Iatrogenic pancreatic cancer metastasis after islet infusion is a potential risk of islet autotransplantation performed after pancreatectomy. To model this risk, islets and/or pancreatic exocrine clusters obtained from a genetically engineered mouse model for pancreatic ductal adenocarcinoma (the LSL ‐Kras G12D/+ ; LSL ‐Trp53 R172H/+ ;Pdx‐1‐Cre , termed KPC mouse) were transplanted via the portal vein in syngeneic wild type ( WT ) severely diabetic recipients in the following treatment groups: group A (n = 11) received KPC exocrine clusters in volume equal to 250 islet equivalents ( IEQ s); group B (n = 12) received 250 WT IEQ s mixed with KPC exocrine clusters (1:1 volume ratio); group C (n = 5) received 250 KPC IEQ s, and group D (n = 7) received 250 WT IEQ s. The incidence of hepatic metastasis was assessed by magnetic resonance imaging and histology over the 13 months of follow‐up.
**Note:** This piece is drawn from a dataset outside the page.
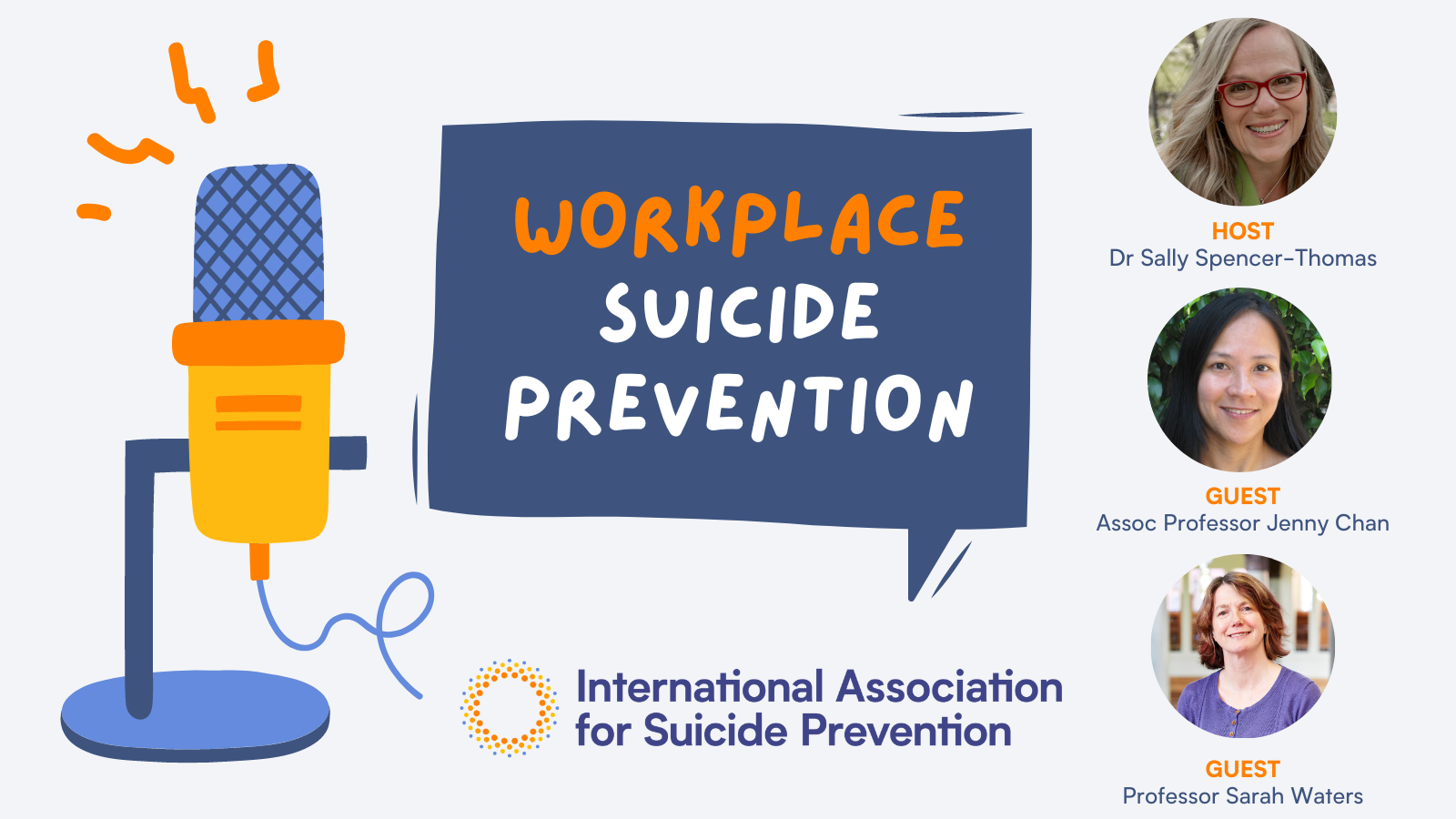 International Association for Suicide Prevention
Overall survival was not different in the four groups. No mice developed liver metastases during the follow‐up. Two mice developed spontaneous tumors: a liver hepatocellular tumor in group A and a malignant lymphoma in group D. Islets and/or exocrine clusters obtained by KPC mouse, a model that develops pancreatic cancer with 100% penetrance, do not retain the same risk of tumor development when transplanted via the portal vein in a syngeneic diabetic recipient.